- **Task directions**:
The copy should begin at the line containing "May include: A" and end with the last line below, every line exact and no picture included.

- **Data to use**:
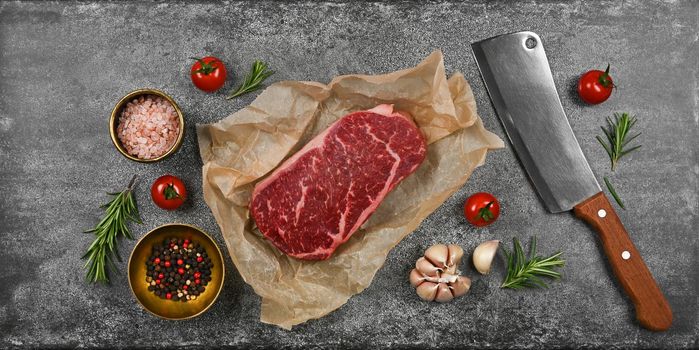 Close up raw beef sirloin steak on board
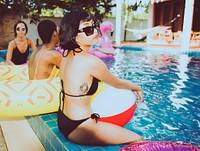 Closeup of asian woman sitting by the pool with diverse friends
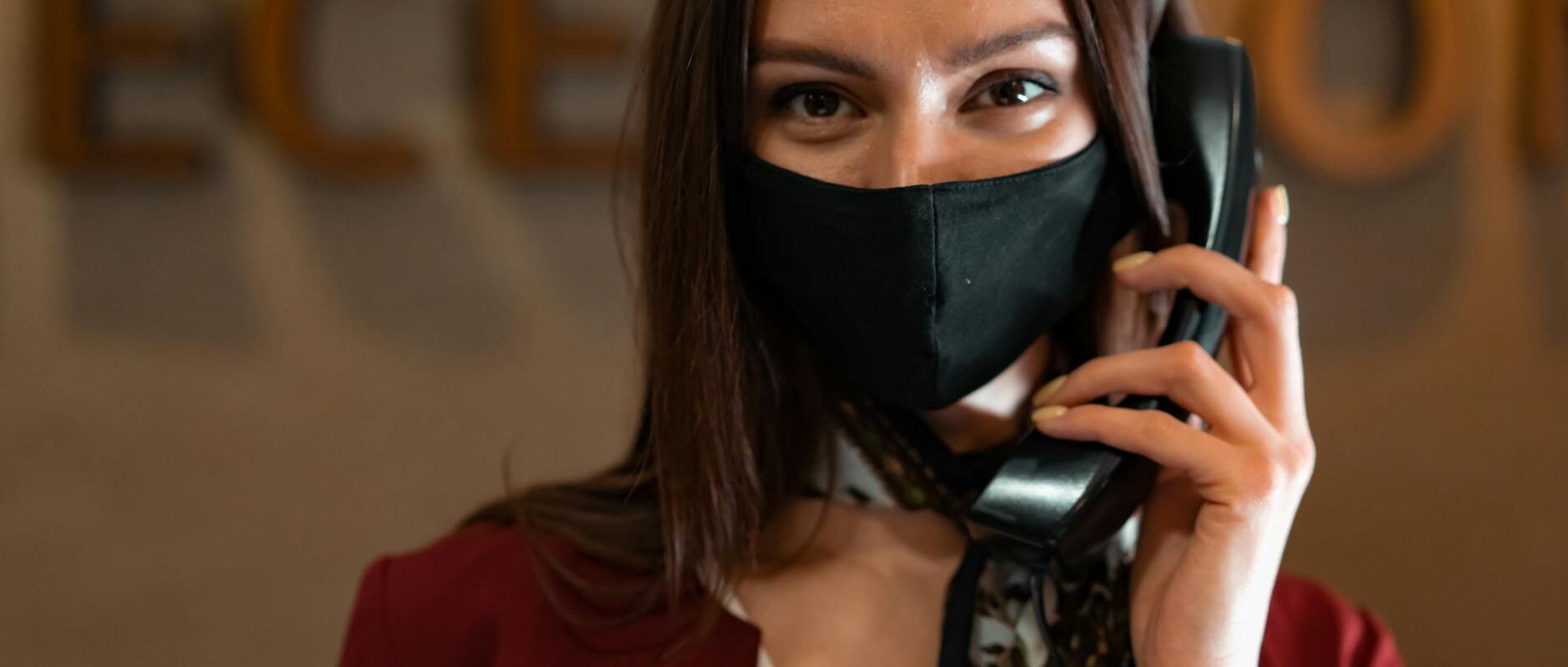 Professional woman receptionist wearing a mask while talking on the phone at the reception desk.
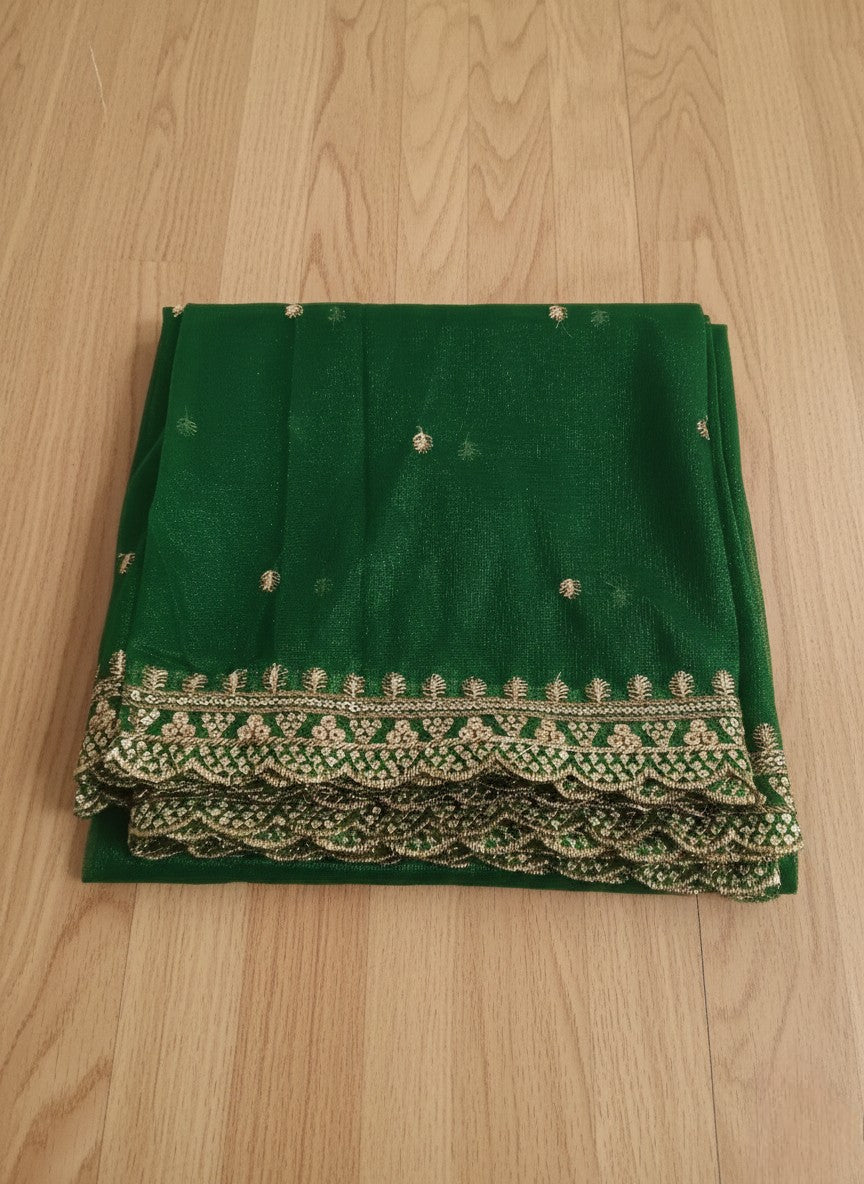 Bottle-green net dupatta with sequin embellishments and gold thread embroidered border on a wooden floor by Ladylike Accoutre.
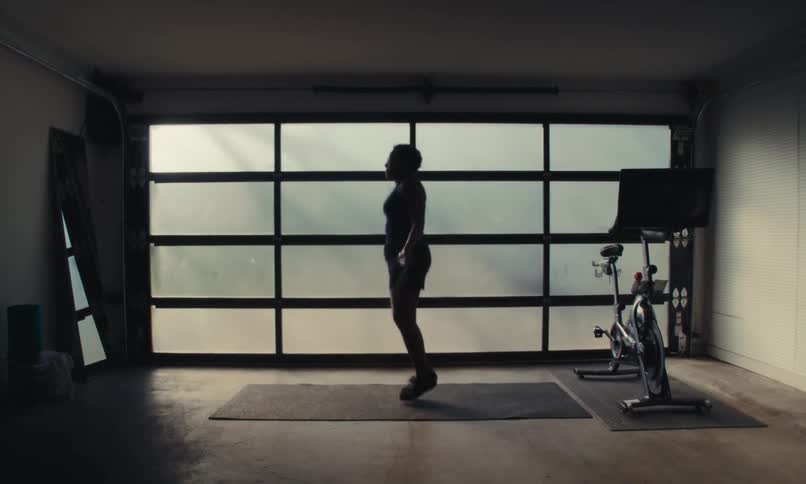 A woman is jumping rope in the dark gym
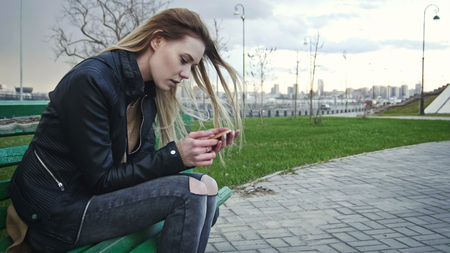 Dissapointed girl with long blonde hair in leather jacket straightens hair use gadget sitting on the bench in the wind, telephotoの写真素材
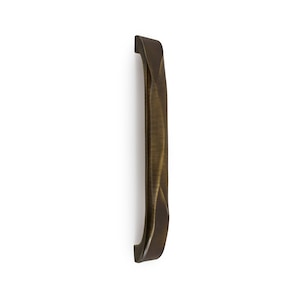 May include: A brushed brass cabinet pull with a unique, twisted design. The pull has a smooth, rounded finish and a slightly curved shape.
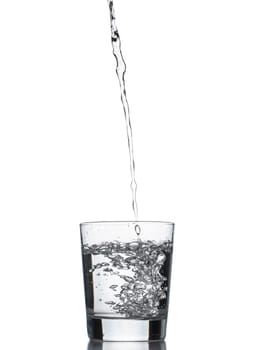 Water poured into glass. Isolated on white background.
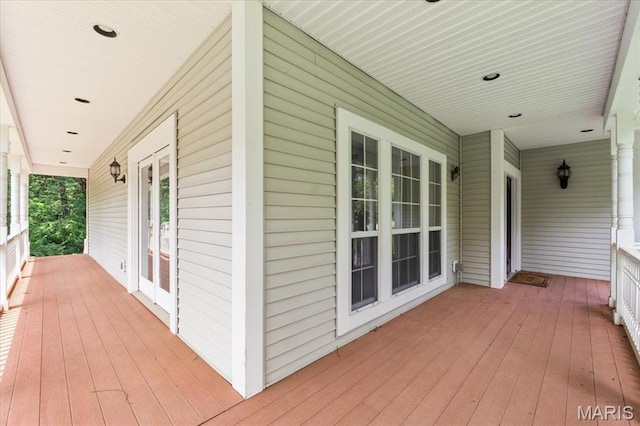 1519 Scofield Valley Ln, Wildwood, MO 63038 - wooden porch featuring french doors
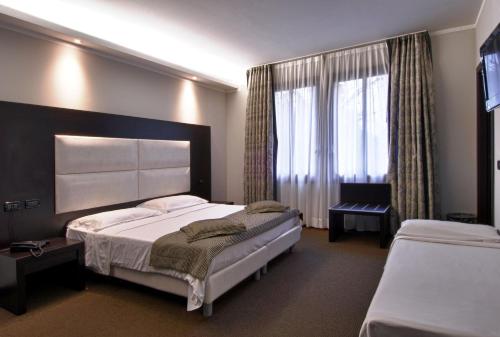 Postel nebo postele na pokoji v ubytování Hotel Villa Pannonia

- **Response area**:
 May include: A brushed brass cabinet pull with a unique, twisted design. The pull has a smooth, rounded finish and a slightly curved shape.
 Water poured into glass. Isolated on white background.
 1519 Scofield Valley Ln, Wildwood, MO 63038 - wooden porch featuring french doors
 Postel nebo postele na pokoji v ubytování Hotel Villa Pannonia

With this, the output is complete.